Actions before and after the actual surgery in theatres will impact on theatre productivity. Inefficiencies already identified pre-Covid were amplified during the pandemic. Ensuring hospitals reset their surgical pathways and processes, while maintaining capacity to teach and train, is vital to improve theatre productivity and efficiency. It will enable more efficient use of the sessions we can currently staff and run and will provide a firm base on which to increase our estate usage.

Improvements to theatre productivity require a full team effort and should not be seen as the sole responsibility of theatres. Input and action are required across the surgical and perioperative pathways and providers should ensure this work is taken forward by relevant teams working collaboratively and in an aligned way with dedicated clinical ownership and executive support. Improving productivity means delivering as much clinical value for patients as possible with the resources we have, while maintaining safety and improving staff engagement and morale. A whole provider approach is needed with all clinical, operational and theatre teams considering how the elements within their control contribute to the overall value of surgical services and care.

Some key points with regard to theatre efficiencies is its equipment availability and user training for specialist equipment.
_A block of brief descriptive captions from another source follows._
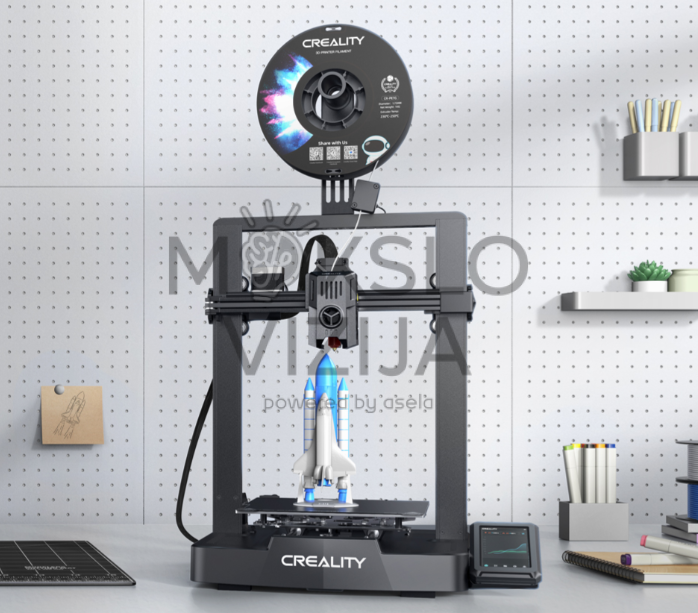 FDM 3D spausdintuvas ant stalo, viršuje filamento ritė, viduje spausdinamas raketos formos modelis, šalia valdymo ekranas.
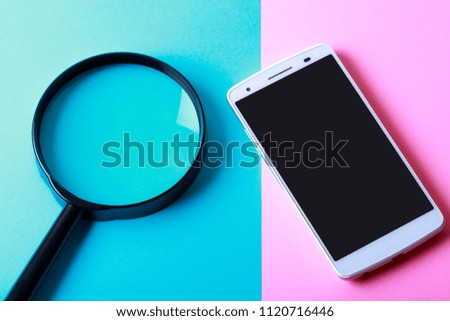Smartphone and magnifying glass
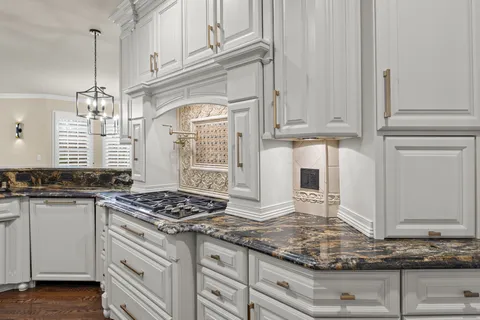 a kitchen with stainless steel appliances a stove a sink dishwasher a refrigerator and a oven with wooden floor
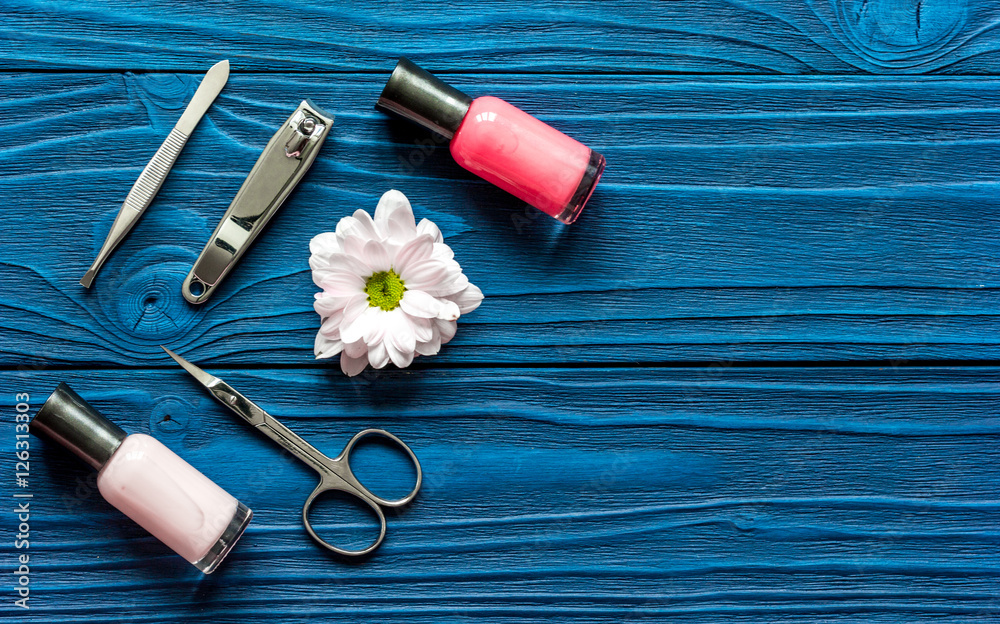 nail polish and spa manicure set on dark wooden background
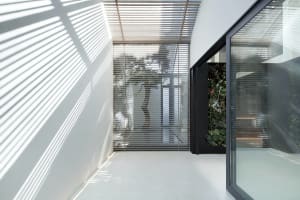 Modern industrial interior design featuring metal, glass, and concrete materials.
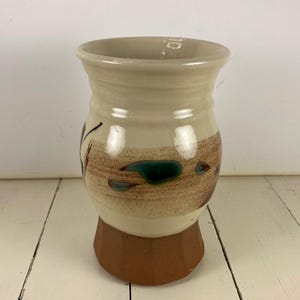 May include: A ceramic vase with a wide, flared rim and a rounded body. The upper portion is cream-colored with a horizontal band of brown speckled glaze featuring small teal accents. The base is a solid, unglazed terracotta-colored clay.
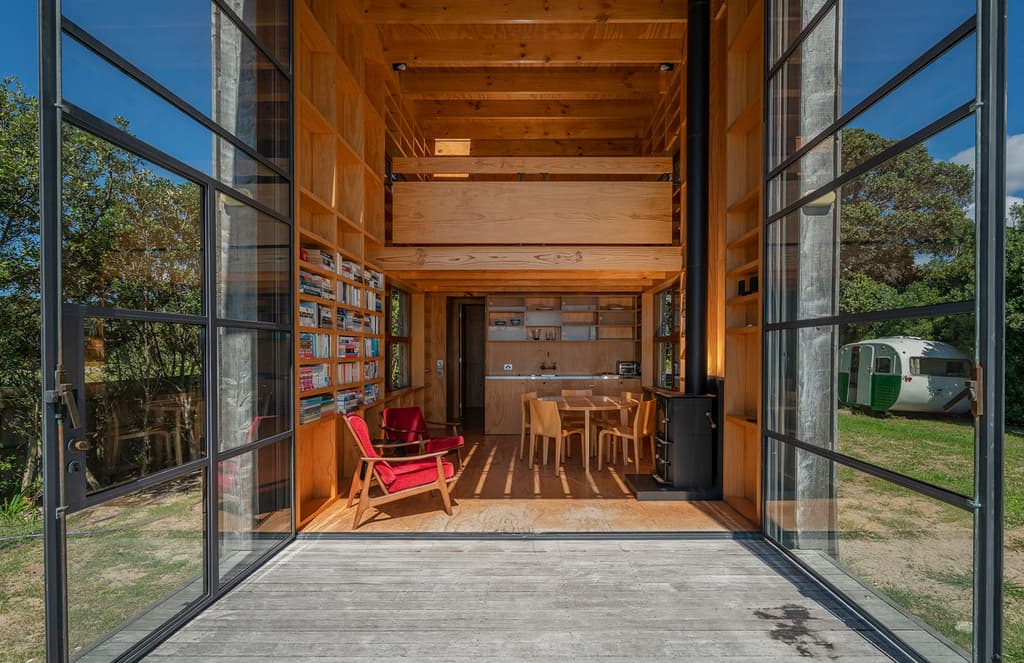 An unorthodox 'hut on sleds' is for sale in New Zealand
Having clear, standardised processes to manage theatre preparation should reduce late starts; timely starts sets things up for a productive day. Processes should be in place to ensure theatre teams replenish stocks at the end of each day, ready for the next day (including drugs and fluids). Following theatre cleaning, night teams should use the equipment prepared by the day shift, and the individual anaesthetic and surgeon preference cards, to set up equipment for the next day’s identified golden patient. For teams without a night shift, all the equipment should be ready for the day shift to bring into the clean theatre at the start of the next day shift.

Prepared instrumentation and equipment should be re-confirmed in the morning, before any team brief including, for example (not exhaustive), instrumentation by case; equipment, including operating table; positioning aids; anaesthetic equipment (to include block equipment/trolley/pumps); fluids and drugs.

Effective communication: Optimising theatre flows to deliver the most value for patients hinges on the effectiveness of the whole team. Appropriate systems should be in place to support co-ordinating theatres ensuring that everyone involved is well informed about all patients, procedures, equipment requirements and planned timings.

Consider recruitment, training and retention needs, including specific equipment/ specialty training requirements.